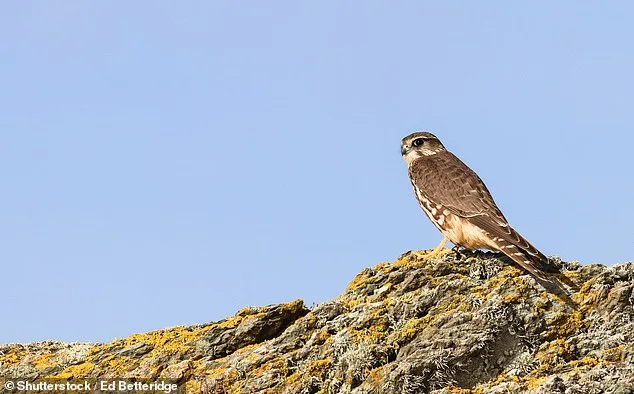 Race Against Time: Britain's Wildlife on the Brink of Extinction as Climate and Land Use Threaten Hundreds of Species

===

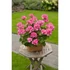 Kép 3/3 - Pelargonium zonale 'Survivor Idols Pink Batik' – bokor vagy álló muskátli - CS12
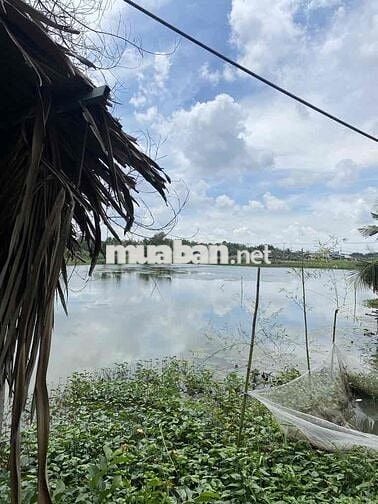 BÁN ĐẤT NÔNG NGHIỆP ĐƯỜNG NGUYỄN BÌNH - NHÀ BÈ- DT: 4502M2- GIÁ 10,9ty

===

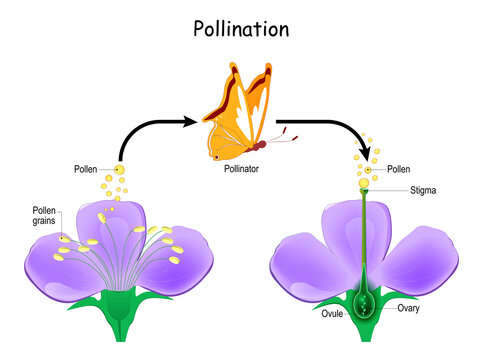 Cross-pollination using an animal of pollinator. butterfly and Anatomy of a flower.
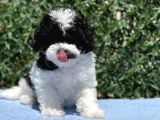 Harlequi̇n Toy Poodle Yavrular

===

» **Work order**
In the records above, copy exactly everything from the line that has "Kép 3/3 - Pelargonium" down to the line that has "BÁN ĐẤT NÔNG", both ends included, and leave out the pictures.

» **Task response**
 Kép 3/3 - Pelargonium zonale 'Survivor Idols Pink Batik' – bokor vagy álló muskátli - CS12
 BÁN ĐẤT NÔNG NGHIỆP ĐƯỜNG NGUYỄN BÌNH - NHÀ BÈ- DT: 4502M2- GIÁ 10,9ty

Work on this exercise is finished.